- _Exercise brief_: When you reach the line with "All You Need - We Fly By Night", transcribe it and each line after it through the last one below, exactly. Pictures stay out.

___

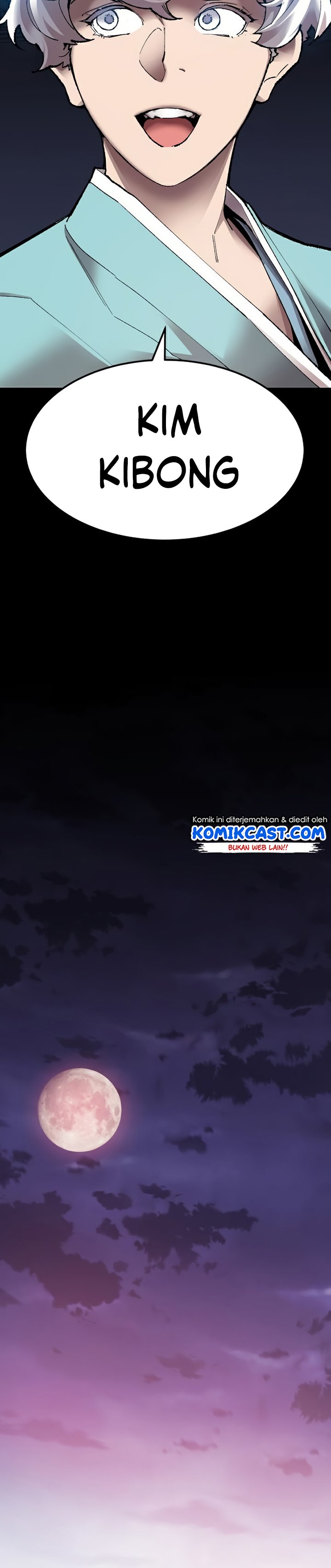Limit Breaker Chapter 76 Gambar 31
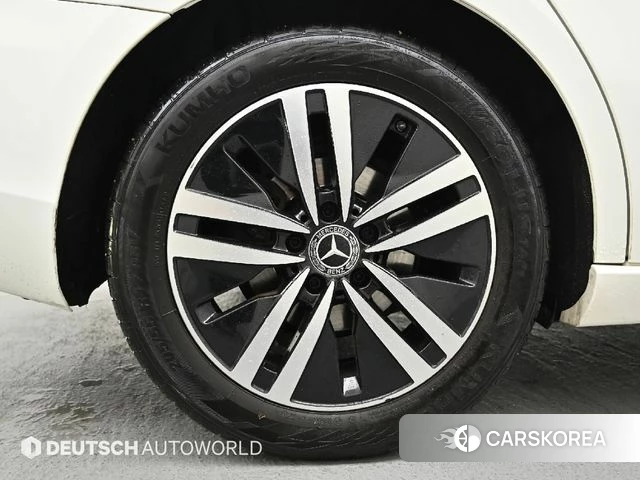 Mercedes-Benz A-Class W177 id 4609619 из Кореи 15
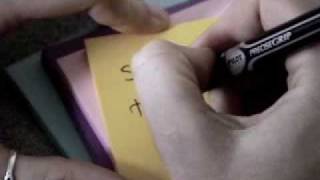 All You Need - We Fly By Night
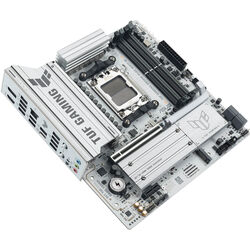 ASUS TUF GAMING B850M-PLUS WIFI7 W - Product Image 1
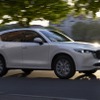 マツダ CX-5 XD エクスクルーシブ モード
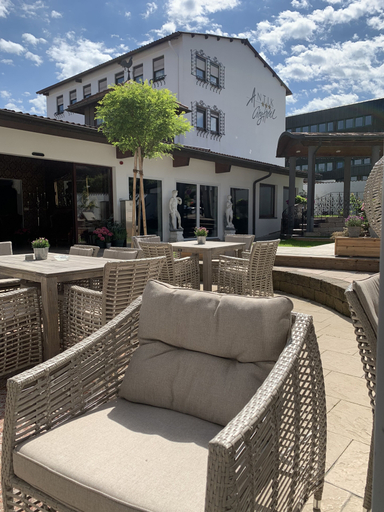 Others 3, DORMERO Hotel Aalen, Ostalbkreis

___

- _Solution to this exercise_:
 All You Need - We Fly By Night
 ASUS TUF GAMING B850M-PLUS WIFI7 W - Product Image 1
 マツダ CX-5 XD エクスクルーシブ モード
 Others 3, DORMERO Hotel Aalen, Ostalbkreis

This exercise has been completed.